Benchmarks in Asia finished higher,
although Japan's benchmark Nikkei 225 index closed 0.2 percent lower at
14,155.12 after spending most of the day in positive territory.
South Korea's Kospi climbed 0.9
percent to 1,907.89 and Hong Kong's Hang Seng advanced 0.7 percent to
21,423.13.
Markets in China remained closed until
Friday because of Lunar New Year holidays.
Asian stocks were stabilizing after
sharp declines earlier in the week.
Investors are holding tight ahead of
interest rate policy meetings by the European Central Bank and Bank of England
later Thursday and a U.S. report on non-farm payrolls for January on Friday.
"Range trading is likely to
dominate" before those events, said Mitul Kotecha, Asian head of global
markets research for Credit Agricole CIB.

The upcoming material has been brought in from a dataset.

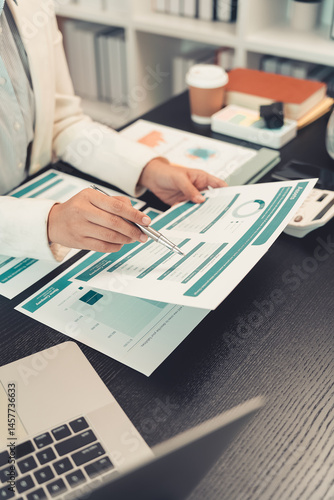 Obraz na płótnie Young female accountant hand holding business investment analysis pen. Accounting, finance expert working with financial data and calculations with graph paper document. Vertical close up. w salonie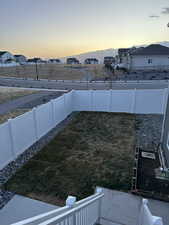 Yard at dusk with a fenced backyard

While no change in policy is expected
from the bank meetings, the results of the U.S. job report will provide an
important clue to the state of the world's largest economy. That in turn will
guide policymakers at the U.S. Federal Reserve, who have been scaling back
stimulus that has helped fuel gains in world markets.
In currencies, the dollar dipped to
101.35 Japanese yen from 101.54 in late trading Wednesday. The euro slipped to
$1.3525 from $1.3540.
Benchmark U.S. oil for March delivery
was up 17 cents to $97.55 in electronic trading on the New York Mercantile Exchange.
The contract rose 19 cents to close at $97.38 Wednesday.